Generating Object Proposals

22 Dec

proposal_teaserThis is a followup post to A Seismic Shift in Object Detection. In the earlier post I discussed the resurgence of segmentation for object detection, in this post I go into more technical detail about the algorithms for generating the segments and object proposals. If you haven’t yet, you should read my previous post first. 🙂

First, a brief historical overview. In classic segmentation the goal was to assign every pixel in an image to one of K labels such that distinct objects receive unique labels. So ideally an algorithm would generate separate segments for your cat and your couch and pass these on to the next stage of processing. Unfortunately, this is a notoriously difficult problem, and arguably, it’s simply the wrong problem formulation. Classic segmentation is exceedingly difficult: mistakes are irreversible and incorrect segments harm subsequent processing. If your kitty had its head chopped off or was permanently merged with the couch, well, tough luck. Thus classic segmentation rarely serves as a pre-processing step for detection and workarounds have been developed (e.g. sliding windows).

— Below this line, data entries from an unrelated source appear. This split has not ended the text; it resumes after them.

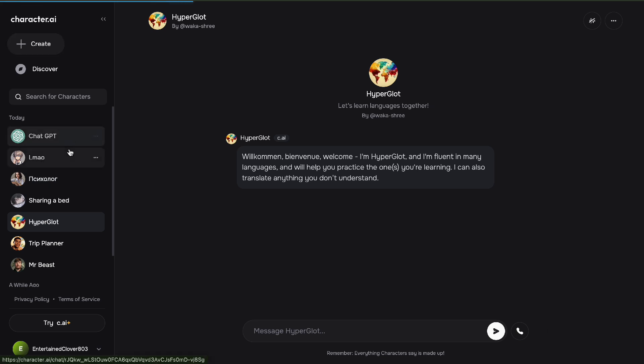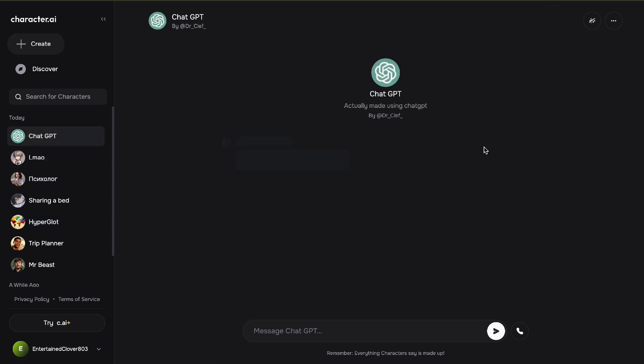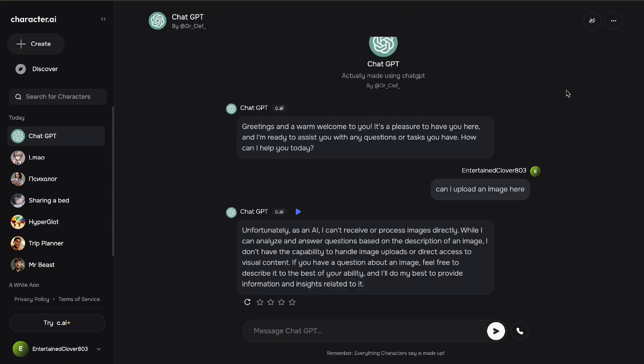So here in Character AI, there has been a feature where you can upload an image here. There's going to be a plus button right here, but right now it's not available anymore.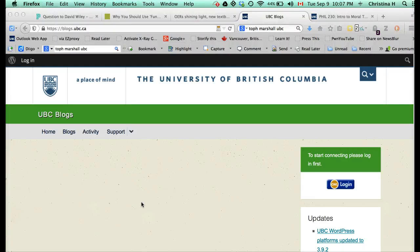This is a video for Christina Hendricks' philosophy courses to figure out how to post to the course website.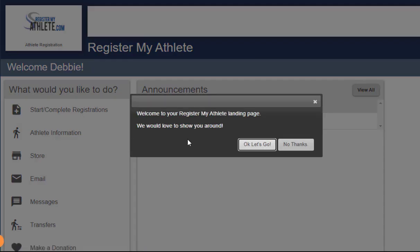On the welcome pop-up that opens, you can either choose their own tutorial by clicking OK, let's go, or you can click on no thanks. I'm going to choose no thanks.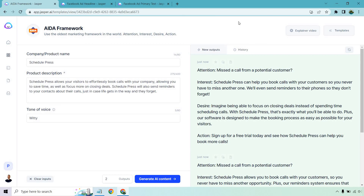I hope you got some value out of this video. Once again, I will leave a link down below in case you want to test out Jasper — they've got a free trial and plenty of bonus words to use for your own online business. If you have any questions, feel free to leave a comment down below. Thank you so much for watching and I'll see you in my next video.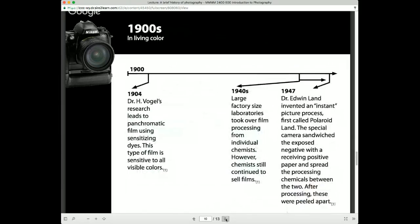In the 1940s, factories took over for individual chemists who were processing film. In 1804 we see advancements with color photography, with film becoming sensitive to other colors of light rather than just producing a black and white image. Again in the 1940s, these factories take over film processing. Then in 1847 we have the first instant photograph process — from Edwin Land with Polaroid — where the chemistry is put into layers with the photographic materials, and after you take the photograph the chemistry interacts to create an instant image.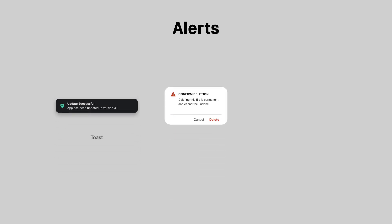When users perform actions on your interface, speak to them properly using alerts. These interface components provide clear visual feedback so users understand the system state.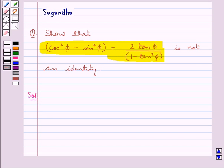We know that a trigonometric equation is called a trigonometric identity if it is true for all values of the angle. So if we have to show that a given trigonometric equation is not an identity, then we will find a single value of the angle which does not satisfy the trigonometric equation.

A major innovation in how we think about segmentation occurred around 2005. In their work on estimating geometric context, Derek Hoiem et al. proposed to use multiple overlapping segmentations, this was explored further by Bryan Russell and Tomasz Malisiewicz and their collaborators (see here and here). The idea is as simple as it sounds: generate multiple candidate segmentations, and while your kitty may be disfigured in many, hopefully at least one of the segmentations will contain her whole and unharmed. This was a leap in thinking because it shifts the focus to generating a diversity of segmentations as opposed to a single and perfect (but unachievable) segmentation.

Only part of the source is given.